寧安確認了眼前的真實,笑容在嘴角漾開,她側頭望向了窗外,幾顆高大的綠樹茁壯成長,清風徐來撫動樹葉微微作響。
這一切才是真實的。
左遠眼裡含著一圈水汽,鼻尖發紅,激動的心久久沒有平複,“安安,等好了我就一直守著你,哪兒也不去。”
“嗯?這是為何?”寧安被驚的轉回頭,“你好不容易實現了你的夢想,為什麽要因為我而改變,我不想當你的累贅。”
向越鳴聞言一拍左遠的肩,笑的沒心沒肺:“同桌,他高興壞了,你這睡得大半年他還是一樣在醫院裡工作,忙完了就來看你。”

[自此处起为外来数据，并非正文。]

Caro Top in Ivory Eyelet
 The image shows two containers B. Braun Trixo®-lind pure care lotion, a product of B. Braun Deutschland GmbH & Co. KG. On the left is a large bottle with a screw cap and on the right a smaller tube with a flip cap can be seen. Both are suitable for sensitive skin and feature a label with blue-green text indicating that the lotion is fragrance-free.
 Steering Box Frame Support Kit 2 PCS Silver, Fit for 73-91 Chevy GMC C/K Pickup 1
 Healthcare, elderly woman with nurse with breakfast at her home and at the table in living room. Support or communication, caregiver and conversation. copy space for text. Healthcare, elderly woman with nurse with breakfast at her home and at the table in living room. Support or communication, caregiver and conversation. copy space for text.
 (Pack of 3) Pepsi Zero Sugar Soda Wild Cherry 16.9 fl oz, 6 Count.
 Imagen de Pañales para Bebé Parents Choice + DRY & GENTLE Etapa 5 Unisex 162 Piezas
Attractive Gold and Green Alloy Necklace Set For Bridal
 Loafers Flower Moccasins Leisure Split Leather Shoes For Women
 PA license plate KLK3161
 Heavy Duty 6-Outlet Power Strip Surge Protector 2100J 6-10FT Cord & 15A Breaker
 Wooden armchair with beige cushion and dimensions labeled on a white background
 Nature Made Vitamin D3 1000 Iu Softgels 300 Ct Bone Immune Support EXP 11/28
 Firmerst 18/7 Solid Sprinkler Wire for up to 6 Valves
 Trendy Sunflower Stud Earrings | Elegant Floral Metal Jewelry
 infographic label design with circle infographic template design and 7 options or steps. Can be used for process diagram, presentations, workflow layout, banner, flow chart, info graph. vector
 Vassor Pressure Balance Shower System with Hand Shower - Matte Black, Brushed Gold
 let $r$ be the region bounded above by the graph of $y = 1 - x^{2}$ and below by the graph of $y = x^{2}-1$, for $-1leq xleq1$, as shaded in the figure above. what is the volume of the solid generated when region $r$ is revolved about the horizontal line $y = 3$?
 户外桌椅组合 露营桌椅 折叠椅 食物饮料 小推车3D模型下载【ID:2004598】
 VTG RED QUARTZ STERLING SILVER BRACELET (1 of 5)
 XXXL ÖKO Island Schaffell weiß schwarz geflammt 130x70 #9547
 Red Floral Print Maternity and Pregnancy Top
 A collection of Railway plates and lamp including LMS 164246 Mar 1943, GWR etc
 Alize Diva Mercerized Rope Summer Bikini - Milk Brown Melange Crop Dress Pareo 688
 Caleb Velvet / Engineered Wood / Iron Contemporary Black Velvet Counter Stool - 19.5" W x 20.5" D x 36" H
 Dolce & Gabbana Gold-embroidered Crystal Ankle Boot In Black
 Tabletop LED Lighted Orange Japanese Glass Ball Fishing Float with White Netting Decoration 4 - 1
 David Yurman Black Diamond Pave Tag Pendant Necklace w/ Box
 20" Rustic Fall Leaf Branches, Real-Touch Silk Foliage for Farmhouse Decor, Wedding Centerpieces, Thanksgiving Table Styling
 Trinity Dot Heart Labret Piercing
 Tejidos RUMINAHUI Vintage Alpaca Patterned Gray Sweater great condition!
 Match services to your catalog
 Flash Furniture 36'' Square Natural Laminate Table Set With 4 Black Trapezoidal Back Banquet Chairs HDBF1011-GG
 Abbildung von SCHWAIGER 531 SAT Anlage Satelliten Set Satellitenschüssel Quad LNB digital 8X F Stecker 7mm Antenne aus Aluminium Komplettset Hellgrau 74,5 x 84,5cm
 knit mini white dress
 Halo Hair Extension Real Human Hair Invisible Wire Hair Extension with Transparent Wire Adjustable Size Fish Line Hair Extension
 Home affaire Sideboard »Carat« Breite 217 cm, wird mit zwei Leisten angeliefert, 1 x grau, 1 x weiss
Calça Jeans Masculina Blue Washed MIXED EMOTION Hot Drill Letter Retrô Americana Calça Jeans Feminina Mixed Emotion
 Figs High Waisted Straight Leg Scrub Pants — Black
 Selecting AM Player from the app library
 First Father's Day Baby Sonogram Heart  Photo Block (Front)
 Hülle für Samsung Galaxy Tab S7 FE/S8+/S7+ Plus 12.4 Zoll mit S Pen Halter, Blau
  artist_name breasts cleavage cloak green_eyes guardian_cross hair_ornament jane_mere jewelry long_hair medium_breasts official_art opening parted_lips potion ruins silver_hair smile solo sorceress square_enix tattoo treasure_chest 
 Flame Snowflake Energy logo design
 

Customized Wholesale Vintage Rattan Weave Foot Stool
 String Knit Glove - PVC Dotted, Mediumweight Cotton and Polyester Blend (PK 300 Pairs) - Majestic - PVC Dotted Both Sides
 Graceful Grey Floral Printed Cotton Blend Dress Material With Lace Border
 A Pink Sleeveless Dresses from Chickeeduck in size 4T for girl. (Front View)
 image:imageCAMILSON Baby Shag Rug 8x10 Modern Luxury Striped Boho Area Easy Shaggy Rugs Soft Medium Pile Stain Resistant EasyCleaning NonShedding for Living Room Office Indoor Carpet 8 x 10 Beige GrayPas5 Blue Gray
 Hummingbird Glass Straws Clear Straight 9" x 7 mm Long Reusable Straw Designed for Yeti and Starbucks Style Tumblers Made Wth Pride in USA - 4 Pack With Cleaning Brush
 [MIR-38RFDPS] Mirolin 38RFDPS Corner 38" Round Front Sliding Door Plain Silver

寧安如釋重負的笑了,許是剛醒沒了力氣,眼睛又要閉了,氣若遊絲:“那就好……那就好”
左遠看到了寧安的疲倦,小聲叮囑向越鳴先離開,握著寧安的手小聲哄她入睡。
寧安這一醒來幾乎就從閻王殿回來了,後面身體就慢慢恢復,不過動手術的行程就又得往後擱了。
寧安在醫院休養了一個半月,冬天就又要到來了,左遠在房間裡給她端著熱湯,笑著調侃:“馬上就又要入冬了,我都快24了。”
寧安站在窗前慢慢走過來,笑的溫柔:“是啊,以前的時光仿佛還在昨天。”
左遠將湯放好後,過來牽著她的手走到白色長桌前,看著她又嬌又怪,“還不是你睡這麽久,錯過那麽多的時間。”撒嬌的語氣活像一隻狐狸,勾住了人心
寧安想到了夢中自私的自己,羞赧的有些不好意思看他,閉著眼說:“沒有,現在不是都好了嗎?”
左遠頭髮剪短了些,看著乾淨又清爽,修長的大手將湯盛了一碗遞給寧安,皺著眉嗔怪:“還不是就多了一些氣色而已。”
寧安接過湯就趕緊放嘴邊慢慢喝,不敢回答左遠的問題。
前天她在夜裡坐著將夢裡的事和自己的一己私欲告訴了左遠,他表面沒怪寧安,可卻是一個記仇的狡詐惡徒。
這兩天是不是就拿這事提起,讓寧安不知如何說好,她知道左遠是氣自己差點就真的昏了過去,所以就是這樣她才更不知道該如何是好。
左遠看她這幅不知所措的像隻待宰的羔羊一樣,不覺笑了一聲。
寧安看他笑了這才放松下來,換個話題:“向越鳴和暖七拍的真人秀怎麽樣?”
這一個半月真人秀的錄製也早已結束,已經都開始播出第一期了。反響還不錯,另一對新生小花×男團偶像人氣選手,在網上吵的不可開交,但是也給他們得到了很大的關注度。
反倒是被看好的宋暖七和向越鳴熱度不溫不火,可能是因為剛播出,他們兩個的鏡頭也不是很多。
寧安知道他們兩個拍真人秀還是cp,差點沒把胃裡的湯吐出來,反覆向左遠確認了好幾遍。
左遠告訴他這的確是真的,都已經拍完了,還播出來了。
寧安腦海裡正在反覆解讀這個問題,向越鳴?宋暖七?前任?在一起錄真人秀?還一起組cp?
許是腦子不夠用了,寧安一時解讀不了這個信息。